Scraped caption text data:
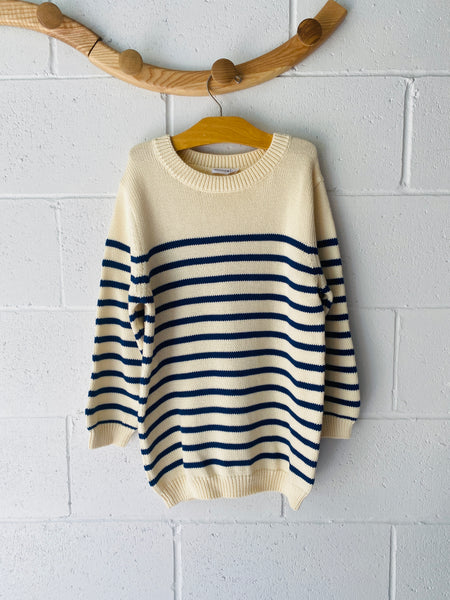 Minnow Cream + Blue Stripe Sweater, 11-12 years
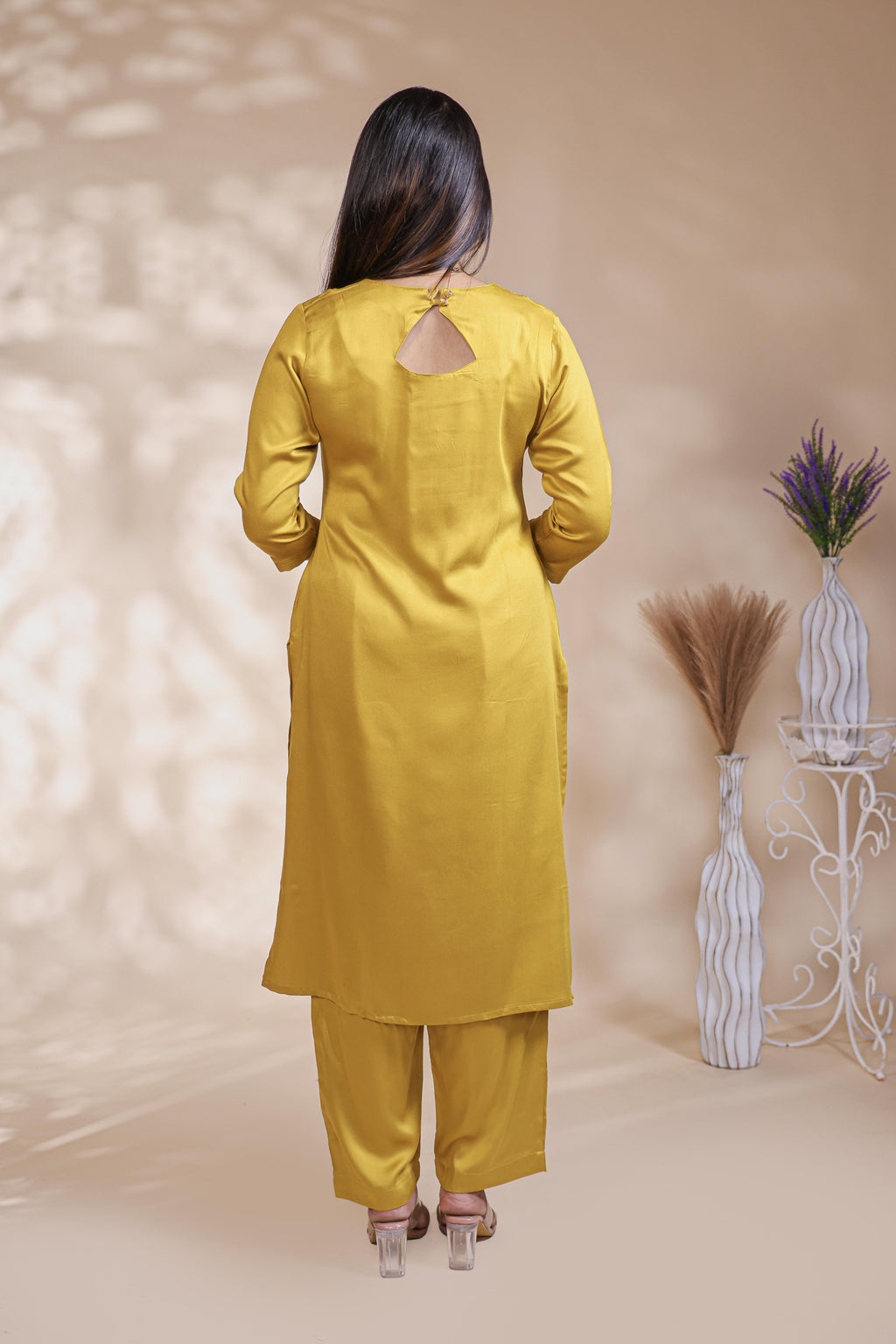 Mustard Yellow Silk Blend Straight Kurta Set with Printed Dupatta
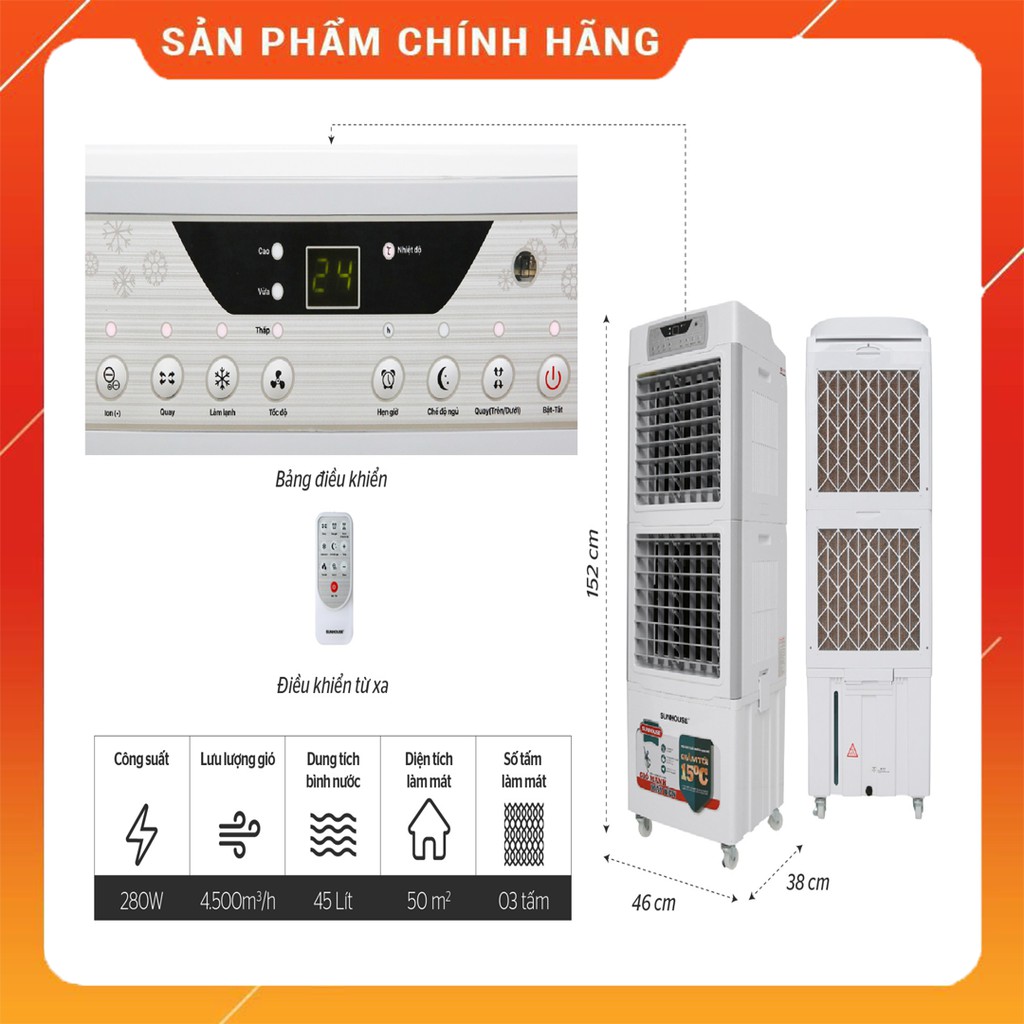 Quạt Điều Hòa, Máy Làm Mát Không Khí SUNHOUSE SHD7756, Tiết Kiệm, Chế Độ Ngủ Tự Động Điều Chỉnh Mức Gió | BigBuy360 - bigbuy360.vn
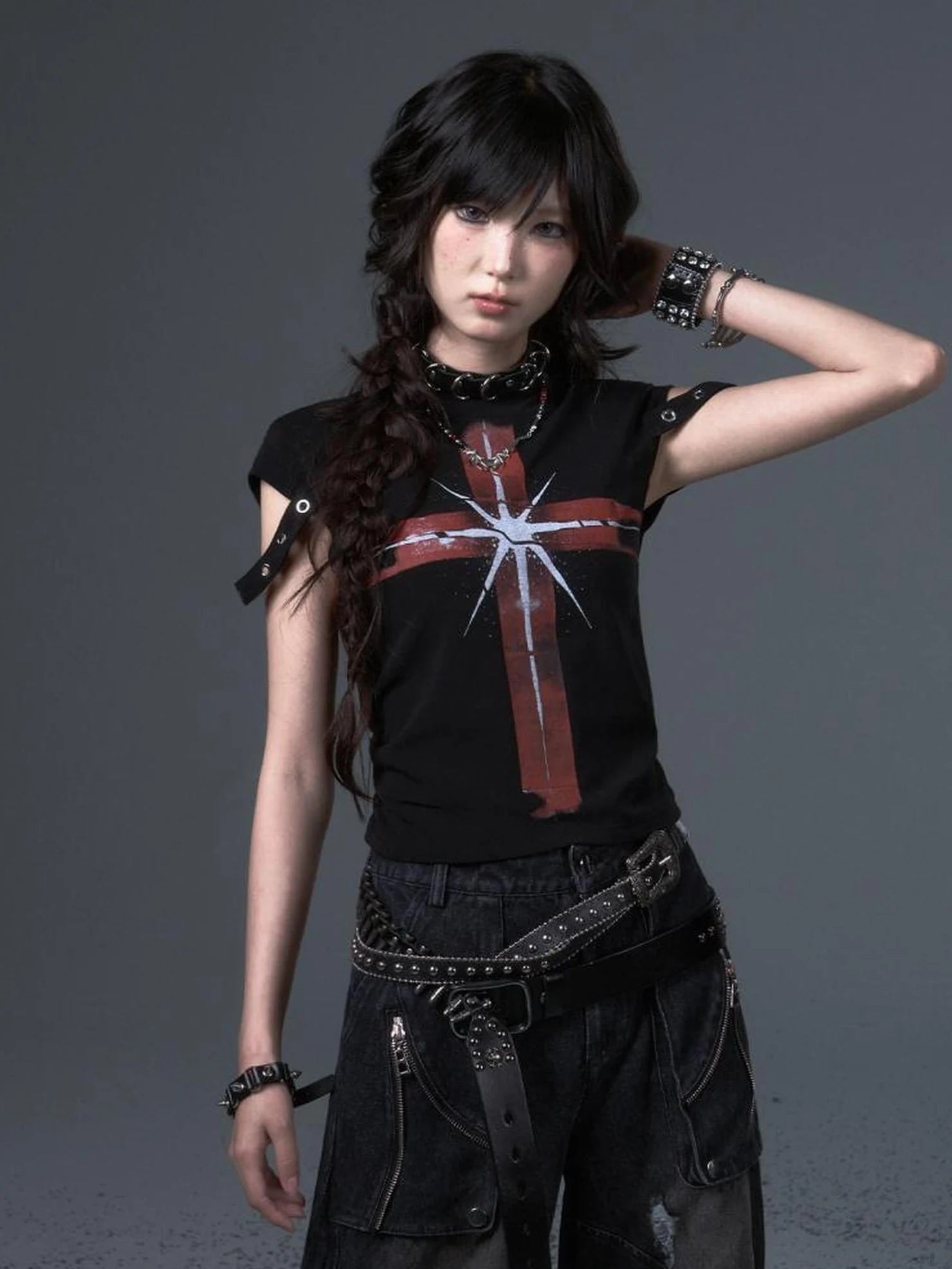 Frustration Garden Street Punk Cross Print Cropped Tee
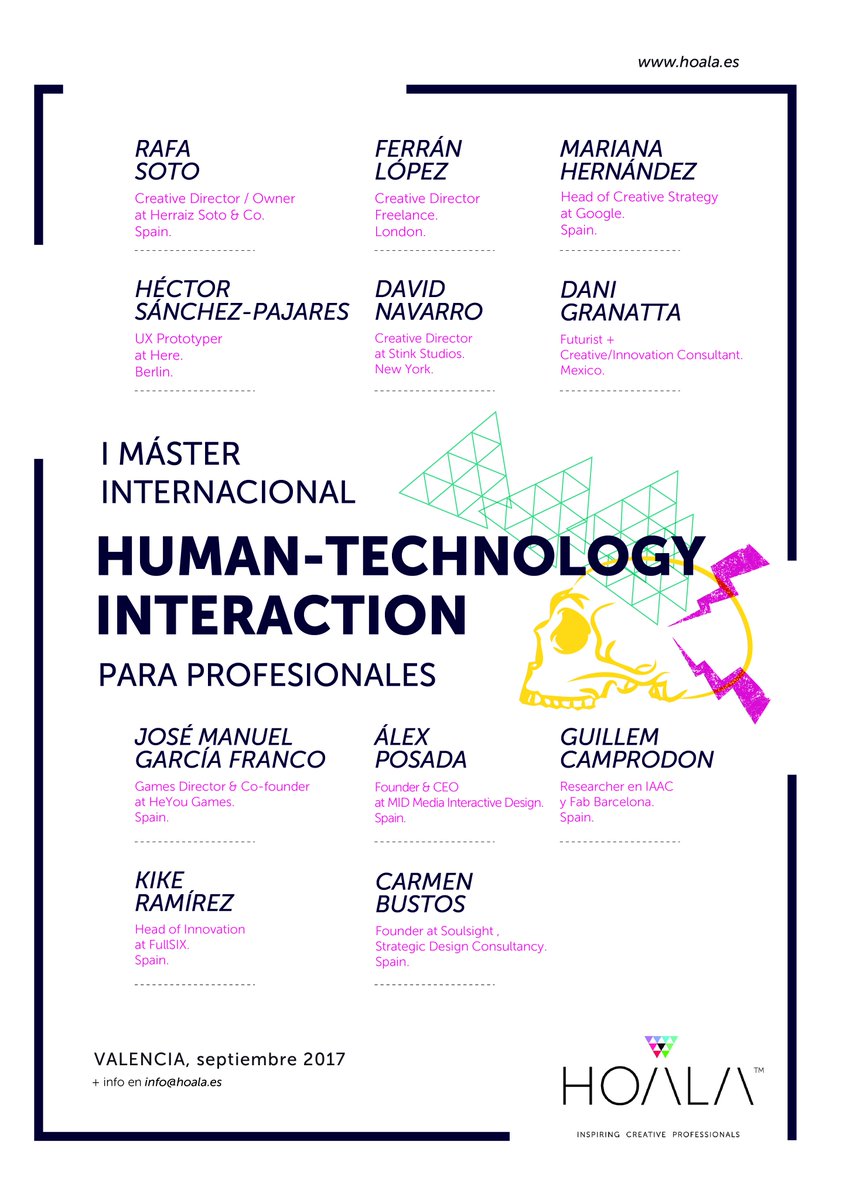 <a href="/AlohaHoala/">Hoala</a> presenta un nuevo programa: Máster en Human-Technology Interaction. Más info e inscripciones: bit.ly/masterhti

▸ **PROBLEM TO SOLVE**: Repeat the records above word for word, apart from the pictures.

▸ **ANSWER TO THE PROBLEM**:
 Minnow Cream + Blue Stripe Sweater, 11-12 years
 Mustard Yellow Silk Blend Straight Kurta Set with Printed Dupatta
 Quạt Điều Hòa, Máy Làm Mát Không Khí SUNHOUSE SHD7756, Tiết Kiệm, Chế Độ Ngủ Tự Động Điều Chỉnh Mức Gió | BigBuy360 - bigbuy360.vn
 Frustration Garden Street Punk Cross Print Cropped Tee
 <a href="/AlohaHoala/">Hoala</a> presenta un nuevo programa: Máster en Human-Technology Interaction. Más info e inscripciones: bit.ly/masterhti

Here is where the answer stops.